Os veículos de expressão coletiva devem ser instrumentos de uso comum de todos – (opus cit., pág. 7 de 15)’ e ‘é preciso proibir que os veículos de comunicação sejam explorados por organizações capitalistas; o que significa vedar a utilização das formas societárias mercantis, pois em todas as sociedades comerciais o poder de controle pertence aos detentores do capital.

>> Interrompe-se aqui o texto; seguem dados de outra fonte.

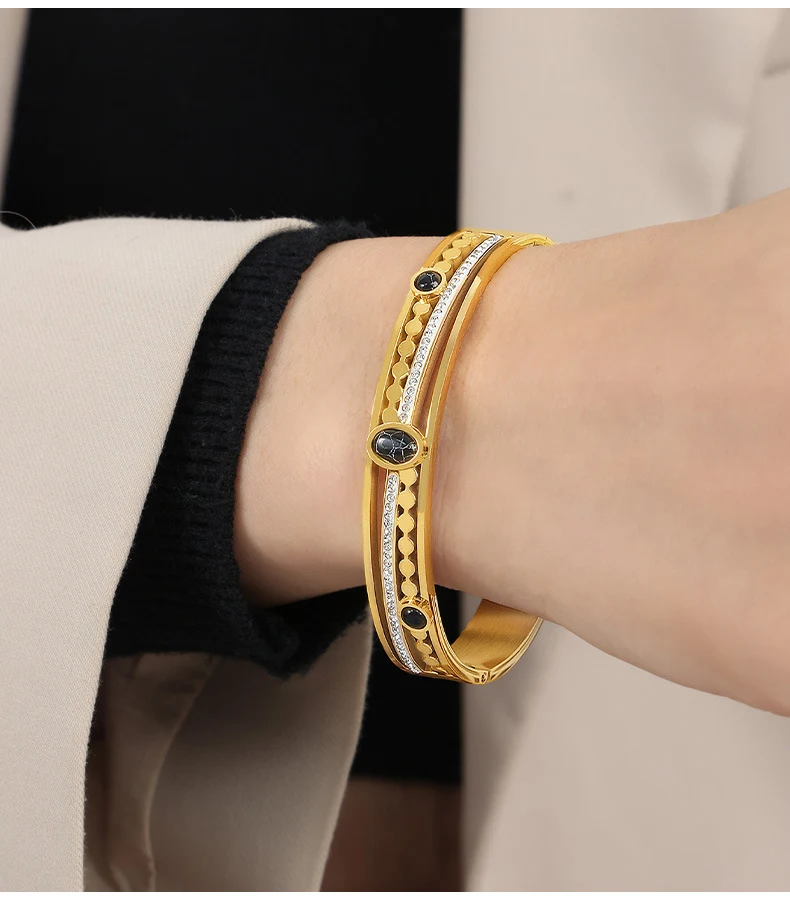 Bracelet boucle zircon turquoise style vintage français. Accessoire chic et intemporel pour sublimer votre poignet avec élégance et raffinement. — photo 16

Resta, portanto, a organização dos órgãos de imprensa, rádio e televisão sob a forma de associações sem fins lucrativos, de cooperativas ou fundações, públicas ou privadas. Assim, em todas essas organizações a estrutura do poder deveria ser dividida em conselho deliberativo e direção. Naquele, os representantes dos jornalistas ou editores deveriam ocupar, pelo menos, a metade dos lugares. Os diretores seriam designados pelo conselho, mas só por unanimidade poderia nomear algum de seus membros como diretor – (cf. op. cit., pág. 11 de 15).’

… Alguma dúvida?

É por isso que, sempre que posso, em minhas falas no rádio, reproduzo a velha lição do filósofo inglês Stuart Mill: ‘Para os males da liberdade só há um remédio: é mais liberdade’. Ou então declamo os versos de Castro Alves, pequenino trecho de sua ‘Ode ao dois de julho’, quando, ‘Lá no campo deserto da batalha, uma voz se elevou clara e divina’, o poeta conclui: ‘Eras tu, liberdade peregrina: esposa do porvir. Noiva do sol!’.”